[Data entries]
↓↓↓

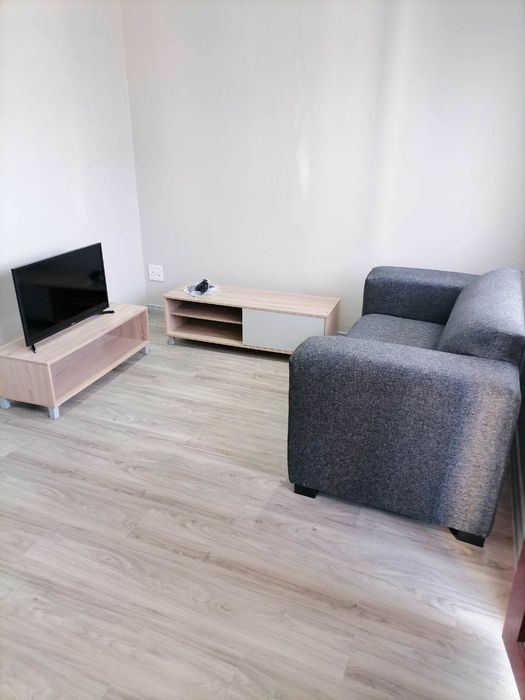 1-Bedroom Apartment in Newton Park To Rent, includes parking and WiFi.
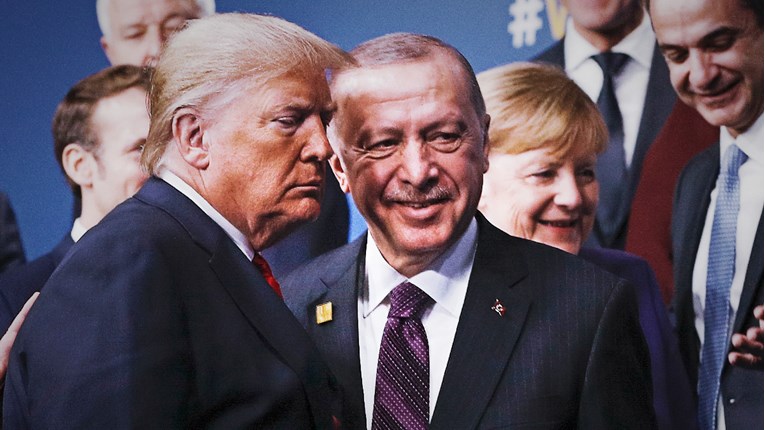 SAD prekida izdavanje viza u Turskoj nakon upozorenja o mogućim napadima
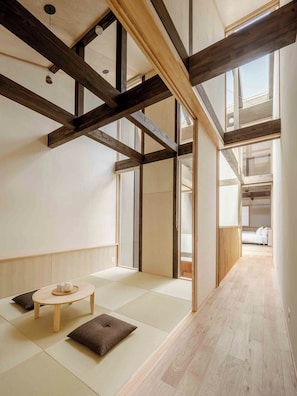 Traditional Townhome, 2 Bedrooms, Non Smoking, Kitchenette | 2 bedrooms, in-room safe, individually decorated, individually furnished - Hanasatomachi Machiya House (Takayama)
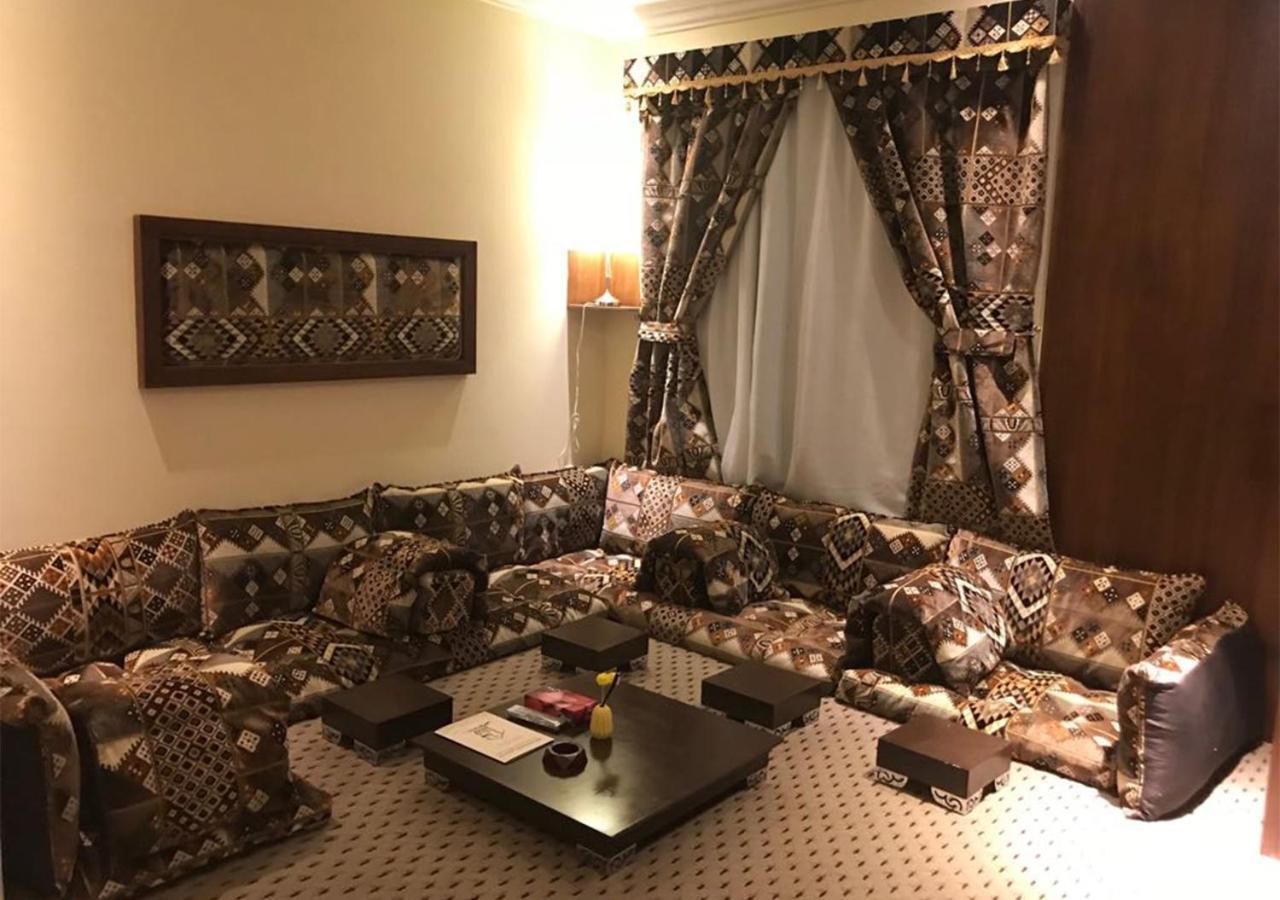 هذا منزلى الحمراء Riade Exterior foto
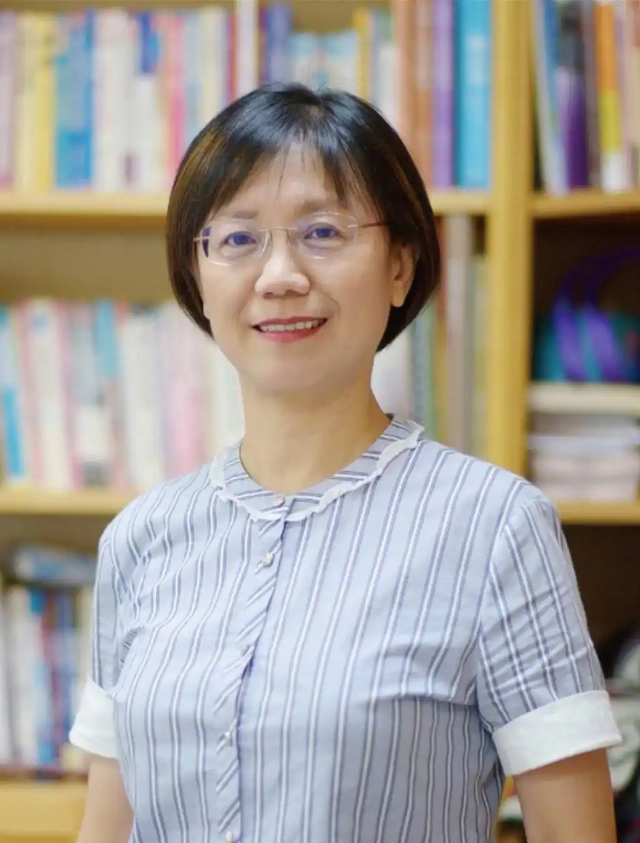 起风了，郑丽文即将登机，翁晓玲先行抵达	，蓝营提出两岸新主张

↑↑↑

Problem: The result should be a precise copy of all the entries, free of pictures.

Answer space:
 1-Bedroom Apartment in Newton Park To Rent, includes parking and WiFi.
 SAD prekida izdavanje viza u Turskoj nakon upozorenja o mogućim napadima
 Traditional Townhome, 2 Bedrooms, Non Smoking, Kitchenette | 2 bedrooms, in-room safe, individually decorated, individually furnished - Hanasatomachi Machiya House (Takayama)
 هذا منزلى الحمراء Riade Exterior foto
 起风了，郑丽文即将登机，翁晓玲先行抵达	，蓝营提出两岸新主张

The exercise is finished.